Quantum Latent Diffusion Models

TL;DR

This paper introduces a quantum latent diffusion model that integrates quantum circuits into the latent space of generative models, showing improved image quality and feature extraction over classical models, especially in limited data scenarios.

Contribution

It presents the first quantum latent diffusion model leveraging variational circuits, demonstrating advantages over classical models in image generation and few-shot learning.

Findings

Quantum models outperform classical in image quality metrics.

Quantum models excel in few-shot learning scenarios.

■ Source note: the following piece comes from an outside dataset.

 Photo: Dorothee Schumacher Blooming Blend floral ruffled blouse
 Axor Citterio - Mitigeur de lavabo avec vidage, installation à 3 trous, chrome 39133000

Quantum advantage persists with fewer training data.

Abstract

The introduction of quantum concepts is increasingly making its way into generative machine learning models. However, while there are various implementations of quantum Generative Adversarial Networks, the integration of quantum elements into diffusion models remains an open and challenging task. In this work, we propose a potential version of a quantum diffusion model that leverages the established idea of classical latent diffusion models. This involves using a traditional autoencoder to reduce images, followed by operations with variational circuits in the latent space. To effectively assess the benefits brought by quantum computing, the images generated by the quantum latent diffusion model have been compared to those generated by a classical model with a similar number of parameters, evaluated in terms of quantitative metrics. The results demonstrate an advantage in using a quantum version, as evidenced by obtaining better metrics for the images generated by the quantum version compared to those obtained by the classical version. Furthermore, quantum models continue to outperform even when considering small percentages of the dataset for training, demonstrating the quantum's ability to extract features more effectively even in a few shot learning scenario.